A grid electrode 108 is formed on the surface of the emitter layer in order to take out a light current. Since the grid electrode 108 becomes a shadow with respect to the incident light, it is desirable that the width is as narrow as possible and the number of grid electrodes 108 is as small as possible. On the other hand, since a current is concentrated and flows in the grid electrodes, it is preferable that the resistance is lower. Also, it is necessary that each of the grid electrodes 108 has an excellent electric contact with the emitter layer 106.
From this viewpoint, there are generally many cases in which a pattern of silver paste containing glass flit is printed and fired to the grid electrode 108. Since the antireflection film is generally high in the resistance, it is necessary that the grid electrode 108 comes in direct contact with the emitter layer 106. However, when the antireflection layer is formed on the grid electrode, there is an obstacle to a solder coat 109 on each of the grid electrodes which is printed to lower the resistance of the grid electrode. Therefore, after a region of the formed antireflection layer where each of the grid electrodes is to be formed is etched in advance to expose the emitter layer, each of the grid electrodes is formed. Alternatively, there is a method (fire through method) in which the pattern of the grid electrodes 108 is printed on the antireflection layer 107, and the antireflection layer is pierced by firing so that the grid electrodes 108 become in contact with the emitter layer 106. This method starts to be popularized since the etching of the antireflection layer and the positioning of the grid electrode pattern are unnecessary, and the productivity is high. (Formation of the back surface electrode and isolation of the emitter layer)

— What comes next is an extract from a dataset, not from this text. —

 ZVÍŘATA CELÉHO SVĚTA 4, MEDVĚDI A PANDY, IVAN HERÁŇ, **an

In the general crystalline silicon solar cell,
in order to conduct an electric contact on the back surface, in particular, in the case where the polycrystalline silicon layer is of the p-type, there are many cases in which aluminum paste is printed and fired to form back surface electrodes. The aluminum paste is widely applied because it is relatively inexpensive, aluminum is diffused into the substrate to form a back surface field (BSF) layer, and the use efficiency of the carriers generated in the vicinity of the back surface is improved to enhance the sensitivity of an incident light of a long wavelength. There are many cases in which aluminum past is contracted and bends the substrate when aluminum paste is fired, and particularly when the electrodes are formed on an' overall back surface, the bending becomes remarkable. In this point, since the paste is low in the resistance in the present invention, it is not necessary to form the back surface electrode 110 on the entire surface at all as shown in Fig. 1, and divided pattern is available, and the divided pattern is readily used since the bending is small even if the aluminum paste is used.

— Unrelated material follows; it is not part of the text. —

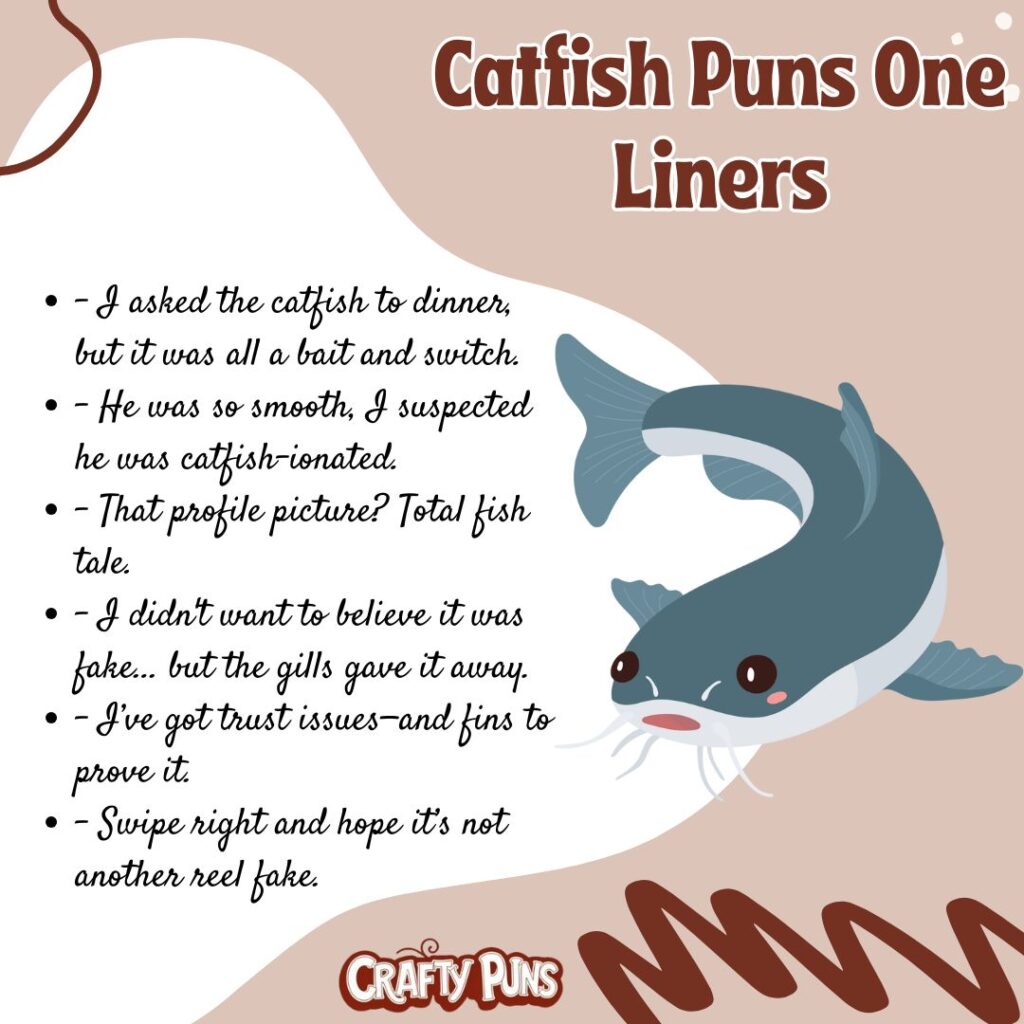 Catfish Puns One Liners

As described above, the emitter layer 106 is formed on the surface of the polycrystalline silicon layer, and when the emitter layer comes in contact with the surface of the back surface electrode or the base, a light current is leaked and the solar cell
characteristics are remarkably spoiled. In the present invention, because at least the front surface and the end surface 105 of the base are substantially covered with the polycrystalline silicon layer, there is no fear that the light current is leaked. Also, in the CVD process and the thermal diffusion process for formation of the emitter layer, when the back surfaces of the substrates are put on each other back to back and processed, it is particularly difficult that the emitter layer goes around the back surface, and a risk of the leakage is further low. However, in the case where a leakage between the emitter layer 106 and the back surface electrode 110 or the base 101 has particularly to be suppressed, the diffusion source of the dopant is printed by a pattern that avoids the peripheral portion of a substrate in the formation of the emitter layer, or the emitter layer on the peripheral portion of the substrate is etched and removed, or the front surface of the peripheral portion is scribed, to thereby conduct isolation.
When the emitter layer on the peripheral portion of the substrate is etched or scribed, it is desirable to substantially remove the emitter layer in a given region. Conversely, when the removal is conducted until the surface of the base is exposed, leakage tends to occur unintentionally. Accordingly, it is necessary to control the depth of the layer to be
removed. Also, in the case where a substantially- insulating antireflection film such as of silicon nitride is used, when isolation is conducted before the antireflection film is formed, the leakage preventing- effect is further enhanced. (Examples)
Examples of the present invention will be described below. (Example 1) An ingot was prepared with a mass of chemical grade metal class silicon produced in Brazil which is 1 to 25 mm as a raw material. After the mass of 1800 g was washed with acid, the mass was inserted into the apparatus shown in Fig. 3. A crucible 201 is made of carbon, and an inner surface of the crucible 201 is coated with SiN as a mold lubricant. The size of the inner surface is 80 mm in diameter x 150 mm in depth. The inside of the apparatus was exhausted to lOPa, and thereafter Ar was allowed to flow into the apparatus at 1 atm. Three-stacked cylindrical side heaters 202 and the upper heater 203 were controlled, the crucible was heated to 1600°C, and all silicon within the crucible was melted for 10 hours and degassing was conducted, an output of the side heaters 202 was controlled to form a temperature slope of 50°C from the upper toward the lower. In this state, a stand 204 that holds the crucible was
extremely slowly pulled down, and silicon was solidified from the bottom surface of the crucible 201. The solidification was completed in 10 hours, the outputs of both the heaters were gradually lowered, and silicon was cooled for 10 hours. Grain boundaries extended vertically in the solidified ingot. Reference numeral 205 denotes solidified Si portion, and reference numeral 206 is a melted Si portion. The temperature was controlled so that crystal grows in a direction 207 in a state where solid-liquid interface is kept horizontally. The ingot was sliced into a wafer by a band saw, the surface of the wafer was etched, and the resistivity was measured. As a result, the resistivity of the n- type was 10 Ωcm. Then, the ingot was again solidified under the same conditions except that 900 mg of B203 was added to the metal class silicon raw material. B203 was dissolved in water and diluted, and adjusted so that a given amount of B203 was added to the silicon raw material. The conductivity type of a sample to which B03 was added was p-type, and the resistivity was 0.015 Ω/cm.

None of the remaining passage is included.